Short web captions:
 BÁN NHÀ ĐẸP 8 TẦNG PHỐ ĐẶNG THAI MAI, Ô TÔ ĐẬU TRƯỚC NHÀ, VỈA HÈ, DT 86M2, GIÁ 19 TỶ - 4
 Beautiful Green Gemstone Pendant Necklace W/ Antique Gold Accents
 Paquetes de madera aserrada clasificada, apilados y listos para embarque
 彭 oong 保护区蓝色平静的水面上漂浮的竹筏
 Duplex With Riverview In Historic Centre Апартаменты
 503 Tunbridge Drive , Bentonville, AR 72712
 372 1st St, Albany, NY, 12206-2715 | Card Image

- **What you should do**
Reproduce every line of the data without changing a word.

- **Response area**
 BÁN NHÀ ĐẸP 8 TẦNG PHỐ ĐẶNG THAI MAI, Ô TÔ ĐẬU TRƯỚC NHÀ, VỈA HÈ, DT 86M2, GIÁ 19 TỶ - 4
 Beautiful Green Gemstone Pendant Necklace W/ Antique Gold Accents
 Paquetes de madera aserrada clasificada, apilados y listos para embarque
 彭 oong 保护区蓝色平静的水面上漂浮的竹筏
 Duplex With Riverview In Historic Centre Апартаменты
 503 Tunbridge Drive , Bentonville, AR 72712
 372 1st St, Albany, NY, 12206-2715 | Card Image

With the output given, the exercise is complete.